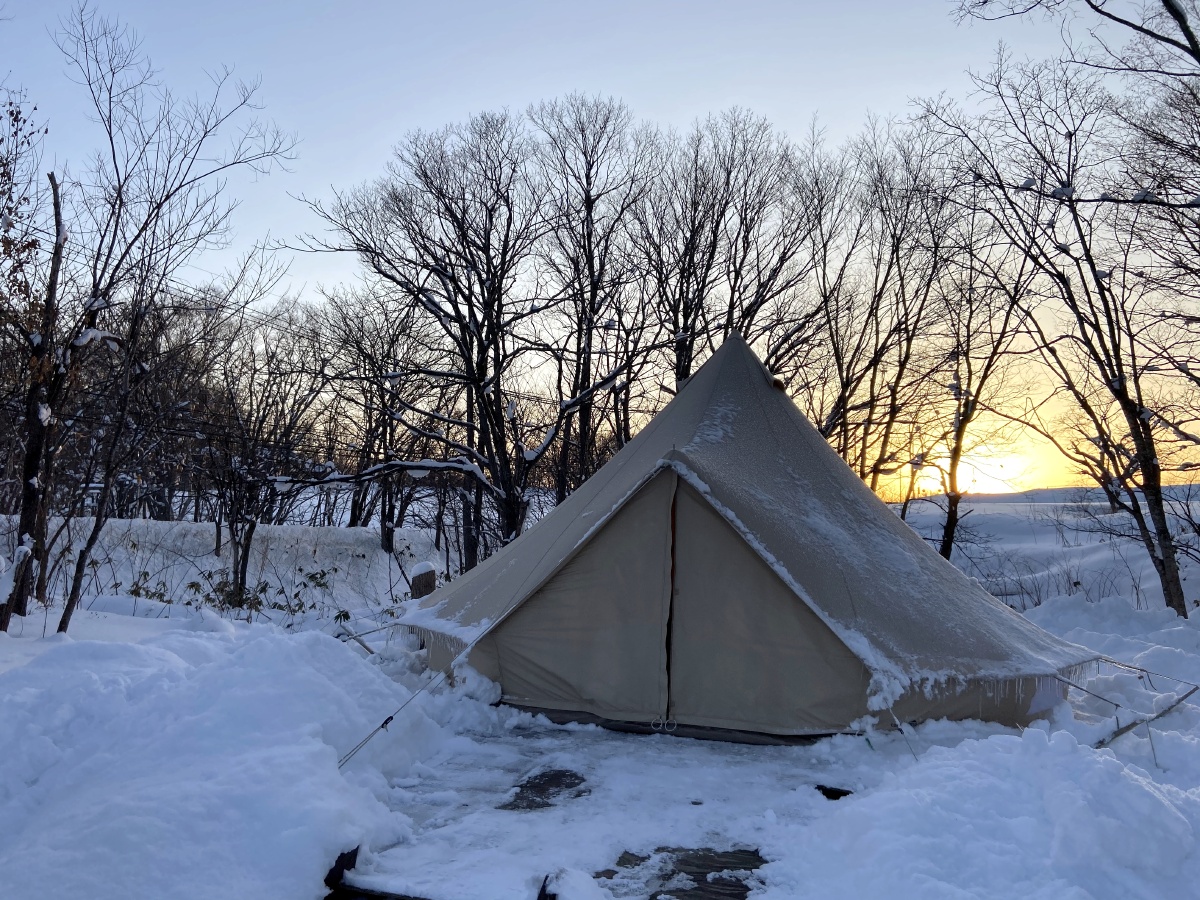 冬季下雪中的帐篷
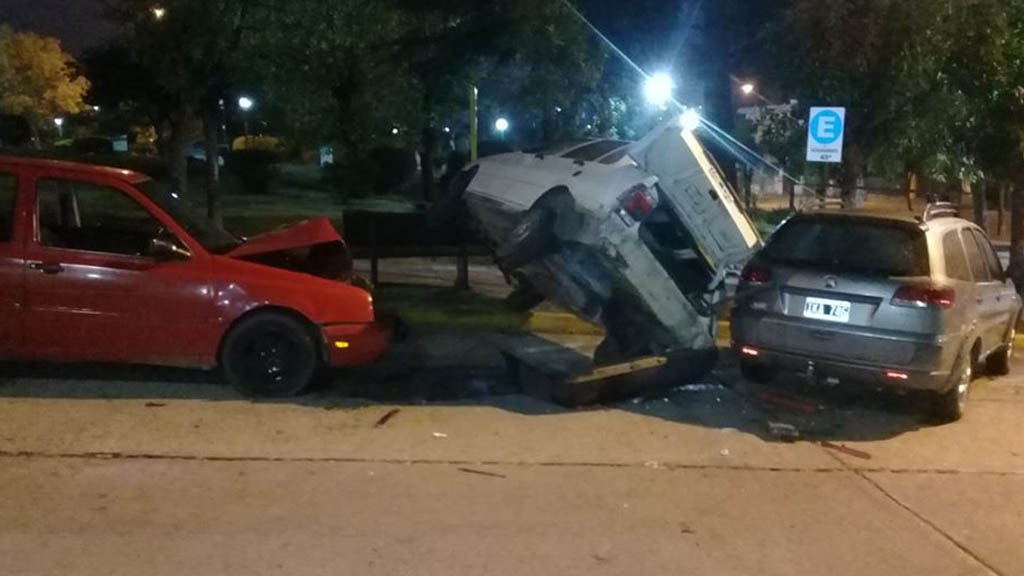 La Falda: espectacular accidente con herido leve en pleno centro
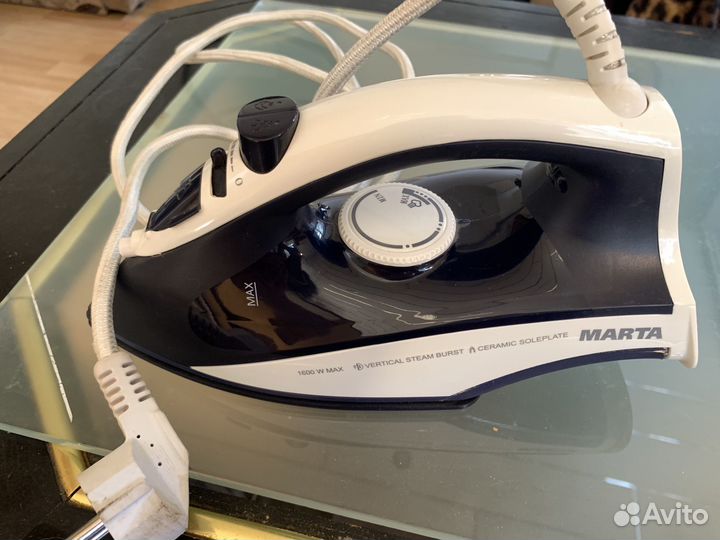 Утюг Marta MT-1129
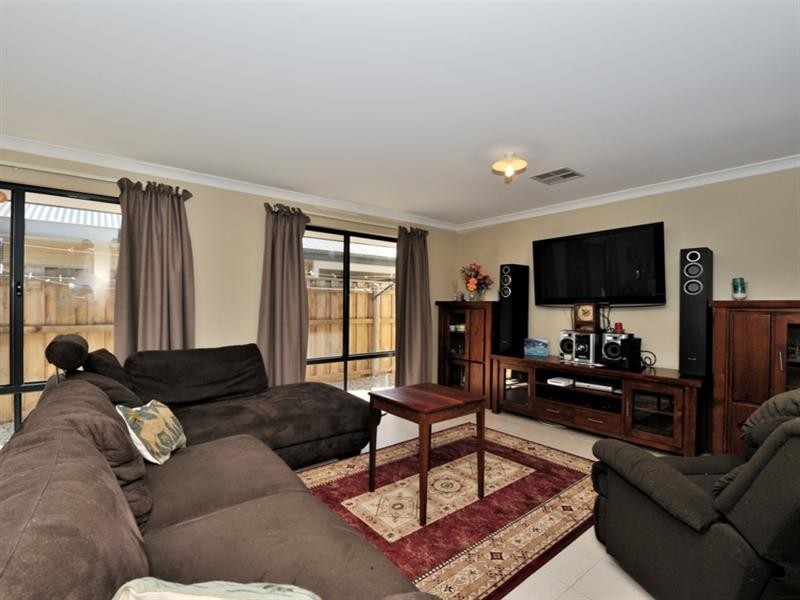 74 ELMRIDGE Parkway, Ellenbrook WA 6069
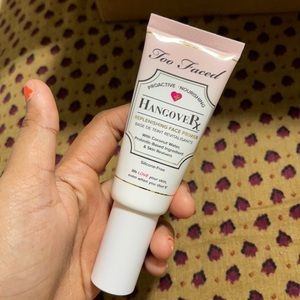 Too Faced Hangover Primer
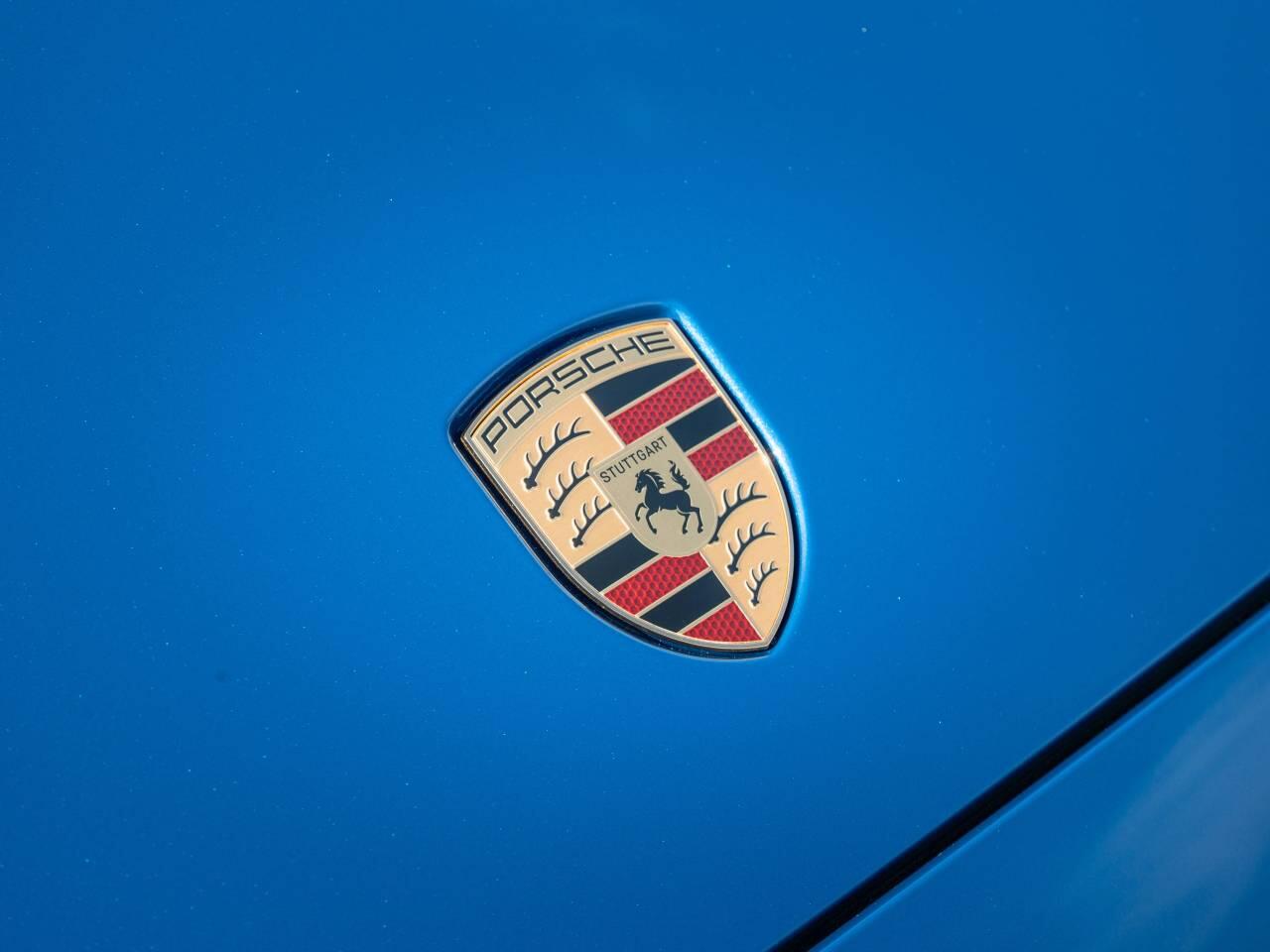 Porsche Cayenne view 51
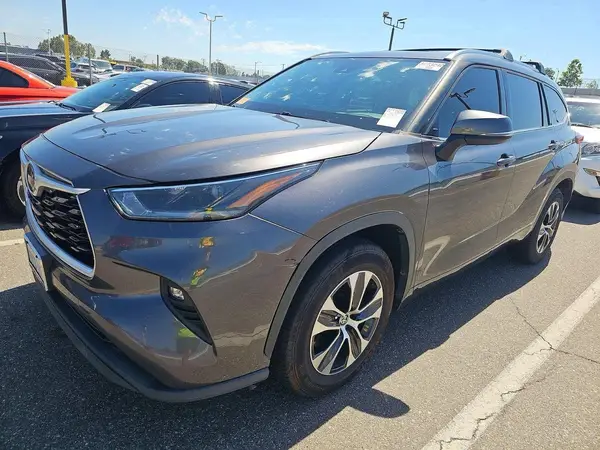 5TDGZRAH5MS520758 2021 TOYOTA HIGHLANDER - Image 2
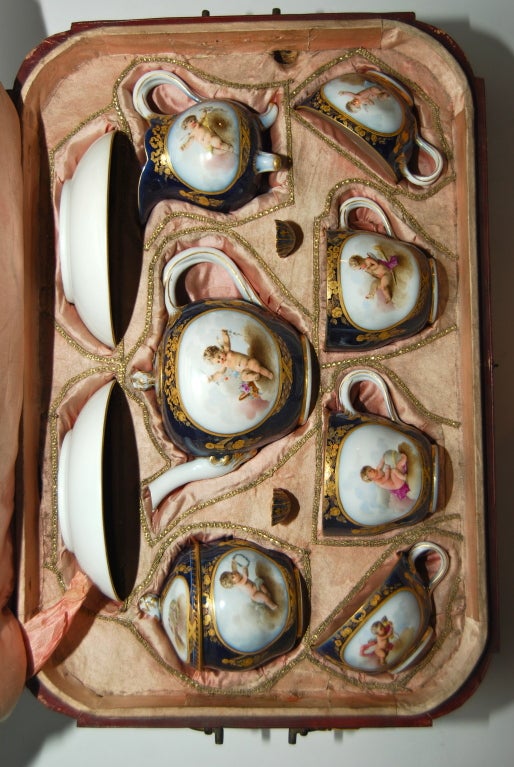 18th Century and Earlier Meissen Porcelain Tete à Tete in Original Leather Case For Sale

**Exercise objective**:
Everything from the line holding "Too Faced Hangover Primer" through the last line of the listing should be written out exactly, except for the pictures.

**Result of this exercise**:
 Too Faced Hangover Primer
 Porsche Cayenne view 51
 5TDGZRAH5MS520758 2021 TOYOTA HIGHLANDER - Image 2
 18th Century and Earlier Meissen Porcelain Tete à Tete in Original Leather Case For Sale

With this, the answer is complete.